THE PROBLEM: For the material below, reproduce exactly each line from the one that has "DFRobot Gravity: 37" through the one that has "В управлении Суэцкого", and no others; pictures stay out.

DATA LISTING:
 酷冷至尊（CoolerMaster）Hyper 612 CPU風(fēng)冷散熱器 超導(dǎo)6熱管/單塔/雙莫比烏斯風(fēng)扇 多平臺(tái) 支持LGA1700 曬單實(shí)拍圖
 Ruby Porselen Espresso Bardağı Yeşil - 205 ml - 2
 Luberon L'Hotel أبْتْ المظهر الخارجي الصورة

--

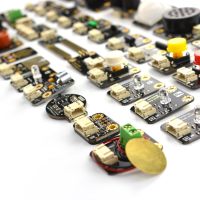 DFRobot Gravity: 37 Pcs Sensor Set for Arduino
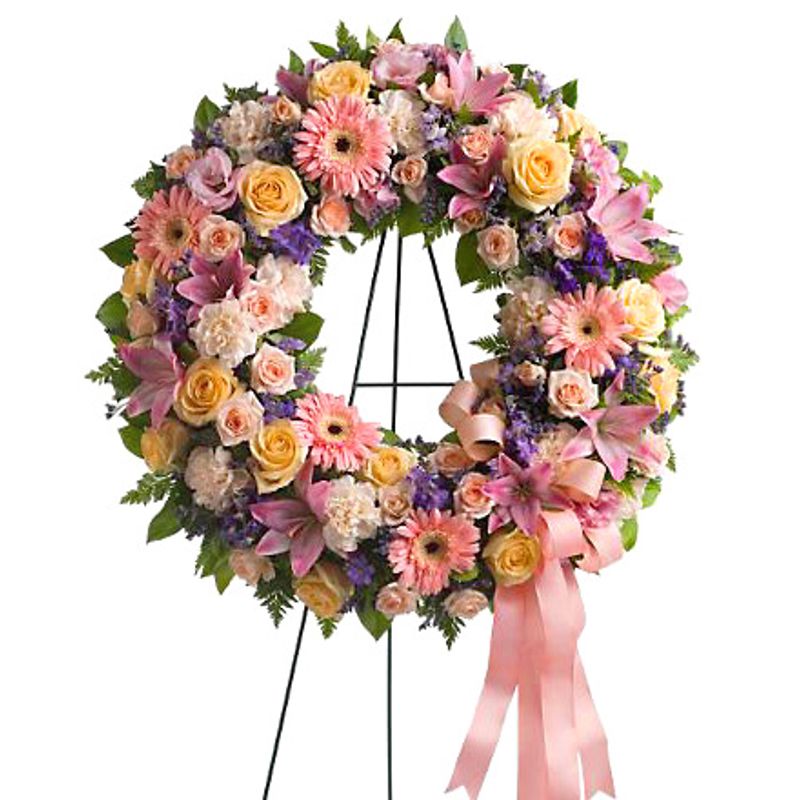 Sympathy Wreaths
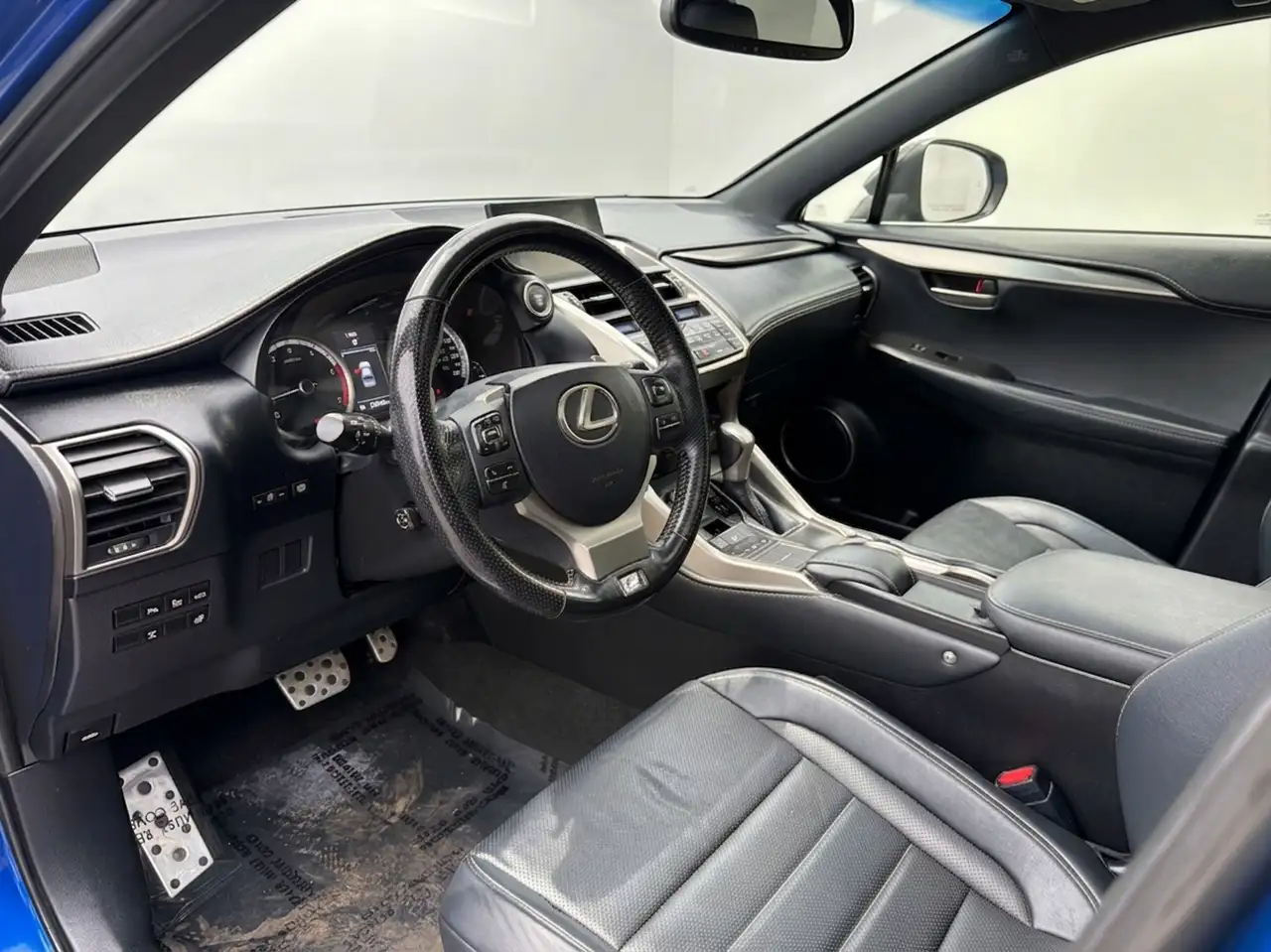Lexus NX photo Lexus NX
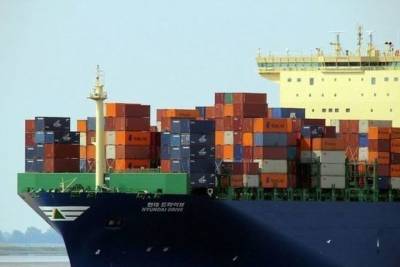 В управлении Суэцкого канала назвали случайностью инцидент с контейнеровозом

REPLY:
 DFRobot Gravity: 37 Pcs Sensor Set for Arduino
 Sympathy Wreaths
Lexus NX photo Lexus NX
 В управлении Суэцкого канала назвали случайностью инцидент с контейнеровозом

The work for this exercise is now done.